-
Notifications
You must be signed in to change notification settings - Fork 2
Description
What are the limitations of the current standard?
Since GFSv16, the global-workflow has been moving from linking within the DATA directory to copying all of the needed files to and from COM (see bugzilla#1301, NOAA-EMC/global-workflow#712 for examples). This has caused many jobs related to the ensembles and data assimilation to run very long due to the time it takes to copy 80 ensemble members worth of files.
What changes are being proposed to the current standard?
A temporary COM space within the DATAROOT disk is being proposed. We could stage the ensemble member files for a particular cycle there and then each individual job would link to that temporary space within its DATA directory.

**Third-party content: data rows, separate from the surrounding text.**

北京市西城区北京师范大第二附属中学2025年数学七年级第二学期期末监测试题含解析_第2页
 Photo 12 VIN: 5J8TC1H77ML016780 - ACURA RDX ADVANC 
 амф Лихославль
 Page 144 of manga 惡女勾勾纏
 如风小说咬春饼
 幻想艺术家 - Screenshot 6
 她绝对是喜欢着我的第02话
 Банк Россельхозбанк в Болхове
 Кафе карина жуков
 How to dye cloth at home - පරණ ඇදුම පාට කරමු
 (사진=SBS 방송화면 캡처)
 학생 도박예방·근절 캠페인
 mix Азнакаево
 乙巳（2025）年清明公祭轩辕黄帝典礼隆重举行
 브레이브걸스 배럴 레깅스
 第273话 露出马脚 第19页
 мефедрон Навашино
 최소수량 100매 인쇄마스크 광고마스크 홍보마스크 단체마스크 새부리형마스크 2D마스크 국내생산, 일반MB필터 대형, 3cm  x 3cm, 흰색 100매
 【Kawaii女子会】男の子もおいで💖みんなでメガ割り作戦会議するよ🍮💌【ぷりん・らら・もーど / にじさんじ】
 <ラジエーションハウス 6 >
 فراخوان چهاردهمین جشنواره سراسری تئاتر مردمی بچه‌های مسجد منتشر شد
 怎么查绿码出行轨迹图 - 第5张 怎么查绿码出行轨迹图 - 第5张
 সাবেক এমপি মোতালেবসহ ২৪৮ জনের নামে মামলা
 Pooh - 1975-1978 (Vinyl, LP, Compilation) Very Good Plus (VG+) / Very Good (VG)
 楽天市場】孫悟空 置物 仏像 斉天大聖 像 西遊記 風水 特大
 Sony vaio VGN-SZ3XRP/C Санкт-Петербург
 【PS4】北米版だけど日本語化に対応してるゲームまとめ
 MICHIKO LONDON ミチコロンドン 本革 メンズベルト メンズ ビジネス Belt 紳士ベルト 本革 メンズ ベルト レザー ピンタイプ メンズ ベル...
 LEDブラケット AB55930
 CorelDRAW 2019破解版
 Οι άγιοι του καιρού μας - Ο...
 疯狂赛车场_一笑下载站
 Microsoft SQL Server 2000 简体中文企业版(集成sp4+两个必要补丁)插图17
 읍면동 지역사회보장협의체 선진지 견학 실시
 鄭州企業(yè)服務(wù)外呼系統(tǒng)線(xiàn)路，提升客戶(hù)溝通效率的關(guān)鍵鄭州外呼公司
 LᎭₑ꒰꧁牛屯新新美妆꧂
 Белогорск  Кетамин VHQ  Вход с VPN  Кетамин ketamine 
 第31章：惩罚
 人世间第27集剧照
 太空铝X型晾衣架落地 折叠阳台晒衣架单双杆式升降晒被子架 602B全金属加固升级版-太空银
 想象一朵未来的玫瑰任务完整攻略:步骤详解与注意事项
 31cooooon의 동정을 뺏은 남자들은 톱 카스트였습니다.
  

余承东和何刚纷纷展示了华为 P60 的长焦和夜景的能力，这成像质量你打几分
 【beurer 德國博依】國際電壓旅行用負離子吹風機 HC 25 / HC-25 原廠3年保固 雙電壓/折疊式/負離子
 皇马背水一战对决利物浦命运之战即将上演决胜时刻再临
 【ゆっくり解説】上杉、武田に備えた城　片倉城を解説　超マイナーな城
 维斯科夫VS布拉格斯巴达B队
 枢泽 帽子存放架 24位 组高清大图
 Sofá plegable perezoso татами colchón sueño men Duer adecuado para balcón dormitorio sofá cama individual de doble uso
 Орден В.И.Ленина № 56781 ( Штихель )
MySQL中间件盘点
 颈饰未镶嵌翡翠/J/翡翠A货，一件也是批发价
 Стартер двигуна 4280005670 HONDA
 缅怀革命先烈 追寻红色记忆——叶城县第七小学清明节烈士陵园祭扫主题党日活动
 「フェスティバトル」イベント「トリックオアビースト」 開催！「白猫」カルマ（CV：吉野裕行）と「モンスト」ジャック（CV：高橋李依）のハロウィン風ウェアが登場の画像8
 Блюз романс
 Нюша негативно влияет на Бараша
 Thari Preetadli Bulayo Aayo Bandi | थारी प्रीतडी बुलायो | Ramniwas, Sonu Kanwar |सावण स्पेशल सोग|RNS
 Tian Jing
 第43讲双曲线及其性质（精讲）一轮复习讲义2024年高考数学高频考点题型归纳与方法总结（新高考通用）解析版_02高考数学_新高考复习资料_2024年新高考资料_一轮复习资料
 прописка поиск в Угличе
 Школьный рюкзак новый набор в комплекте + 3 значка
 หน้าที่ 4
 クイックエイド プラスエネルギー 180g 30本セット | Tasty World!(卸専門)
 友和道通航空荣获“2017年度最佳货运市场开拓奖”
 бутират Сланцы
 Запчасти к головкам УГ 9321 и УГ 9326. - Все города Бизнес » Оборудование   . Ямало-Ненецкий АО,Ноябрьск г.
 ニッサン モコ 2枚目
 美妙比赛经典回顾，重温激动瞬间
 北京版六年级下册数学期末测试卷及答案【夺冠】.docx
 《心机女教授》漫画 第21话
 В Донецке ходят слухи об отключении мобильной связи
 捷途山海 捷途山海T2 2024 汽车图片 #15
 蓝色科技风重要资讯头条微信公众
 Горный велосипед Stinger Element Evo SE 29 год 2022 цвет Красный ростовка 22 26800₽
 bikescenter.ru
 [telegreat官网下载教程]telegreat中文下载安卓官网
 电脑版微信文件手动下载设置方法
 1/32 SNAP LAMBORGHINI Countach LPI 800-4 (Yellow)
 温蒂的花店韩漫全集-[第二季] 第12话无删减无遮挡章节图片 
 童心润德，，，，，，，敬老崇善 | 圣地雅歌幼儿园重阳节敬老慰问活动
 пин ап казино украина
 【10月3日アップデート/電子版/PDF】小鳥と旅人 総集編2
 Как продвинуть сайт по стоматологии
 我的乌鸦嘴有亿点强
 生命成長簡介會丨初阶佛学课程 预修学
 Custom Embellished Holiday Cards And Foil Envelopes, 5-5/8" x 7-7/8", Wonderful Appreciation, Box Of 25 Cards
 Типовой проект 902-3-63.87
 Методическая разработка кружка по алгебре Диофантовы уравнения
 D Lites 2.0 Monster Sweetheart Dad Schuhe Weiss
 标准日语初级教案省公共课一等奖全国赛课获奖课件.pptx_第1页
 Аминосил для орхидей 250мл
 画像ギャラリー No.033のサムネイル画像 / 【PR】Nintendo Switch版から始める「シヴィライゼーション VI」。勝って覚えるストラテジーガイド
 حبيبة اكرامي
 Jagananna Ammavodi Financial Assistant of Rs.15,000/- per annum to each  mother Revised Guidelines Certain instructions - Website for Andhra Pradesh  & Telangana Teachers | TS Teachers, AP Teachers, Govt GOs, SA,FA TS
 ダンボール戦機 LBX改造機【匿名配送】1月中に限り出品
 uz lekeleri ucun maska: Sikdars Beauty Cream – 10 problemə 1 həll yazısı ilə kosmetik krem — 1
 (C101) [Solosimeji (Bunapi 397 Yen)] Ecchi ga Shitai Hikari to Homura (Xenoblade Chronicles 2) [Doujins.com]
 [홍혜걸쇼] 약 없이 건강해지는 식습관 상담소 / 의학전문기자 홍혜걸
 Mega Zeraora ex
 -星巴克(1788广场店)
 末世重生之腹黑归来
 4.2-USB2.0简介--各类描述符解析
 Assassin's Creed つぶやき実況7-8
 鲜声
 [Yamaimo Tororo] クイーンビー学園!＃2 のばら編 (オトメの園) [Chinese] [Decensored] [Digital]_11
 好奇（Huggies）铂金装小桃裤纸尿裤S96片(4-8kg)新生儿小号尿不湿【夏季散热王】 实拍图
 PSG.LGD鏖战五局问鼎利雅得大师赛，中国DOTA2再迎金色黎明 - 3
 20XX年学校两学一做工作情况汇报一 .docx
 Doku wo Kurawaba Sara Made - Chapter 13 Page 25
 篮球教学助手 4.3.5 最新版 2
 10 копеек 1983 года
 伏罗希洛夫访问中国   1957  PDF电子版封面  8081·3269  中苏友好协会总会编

This would allow the links to be confined to a single disk rather than across disks from DATAROOT to COM while also considerably speeding up job time.
How do these changes improve the current standard?
It allows for greater flexibility in the workflows and more efficiency in several jobs.
What are potential impacts by changing this standard?
Systems with high data volume would benefit from this change, including GFS and RRFS.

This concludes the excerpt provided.